PROVIDED DATA:
##############################

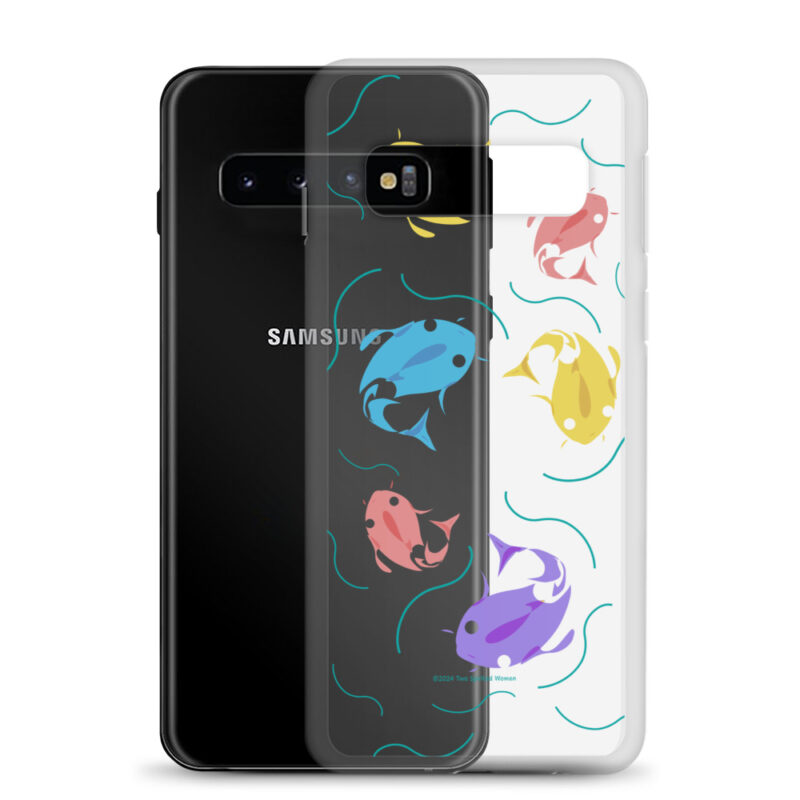 FISH - Clear Case for Samsung® - Image 3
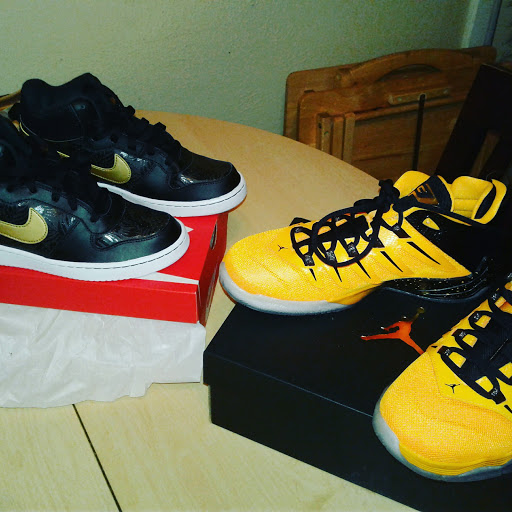 Shoe Store «Footaction», reviews and photos, 1401 S Buckner Blvd 100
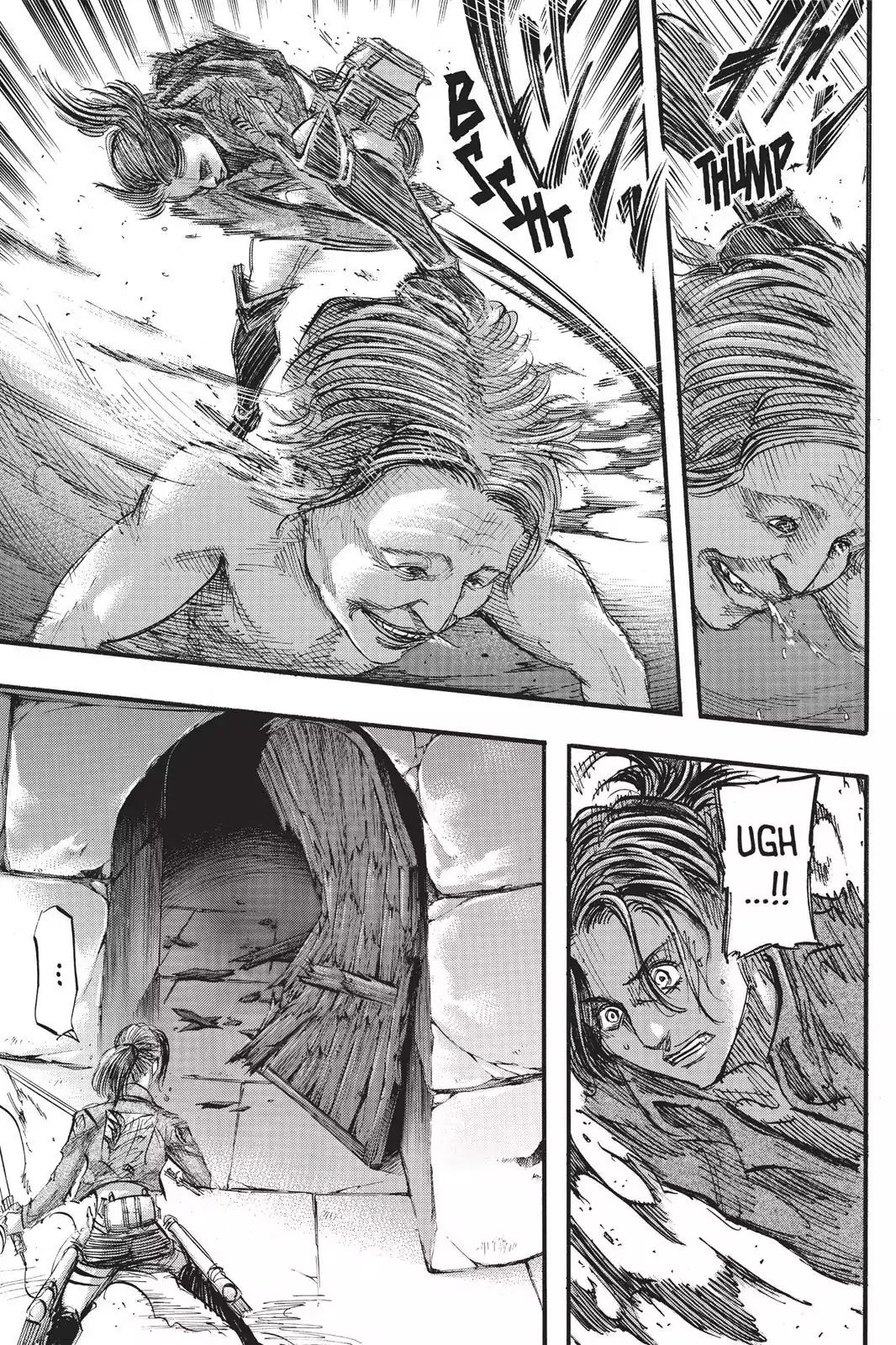 Attack on Titan Manga Manga Chapter - 39 - image 15
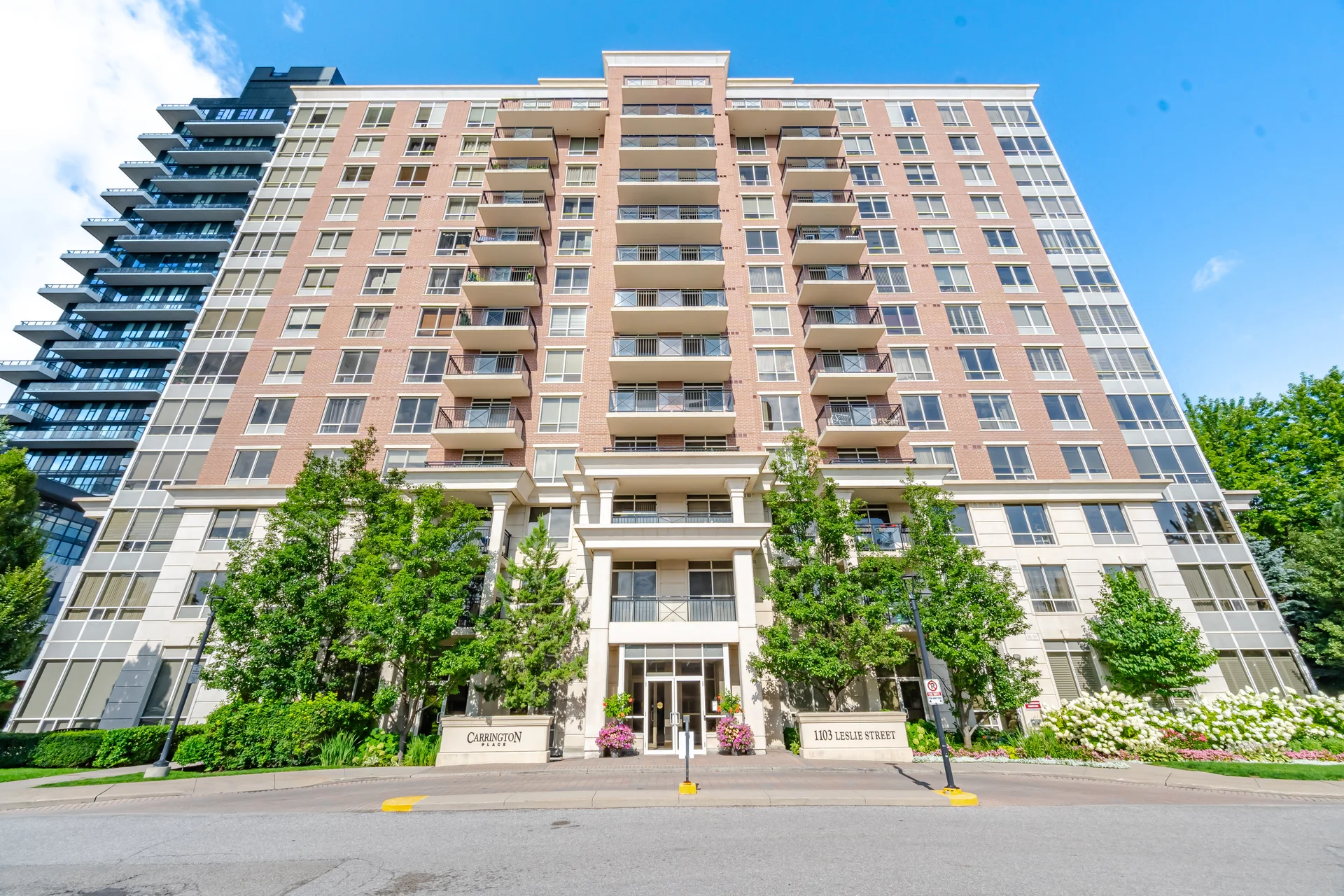 #1103-1103 Leslie Street, North York - photo 2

##############################

REQUIRED ACTION: Reproduce the lines above exactly, image-free.

ANSWER BOX:
 FISH - Clear Case for Samsung® - Image 3
 Shoe Store «Footaction», reviews and photos, 1401 S Buckner Blvd 100
 Attack on Titan Manga Manga Chapter - 39 - image 15
 #1103-1103 Leslie Street, North York - photo 2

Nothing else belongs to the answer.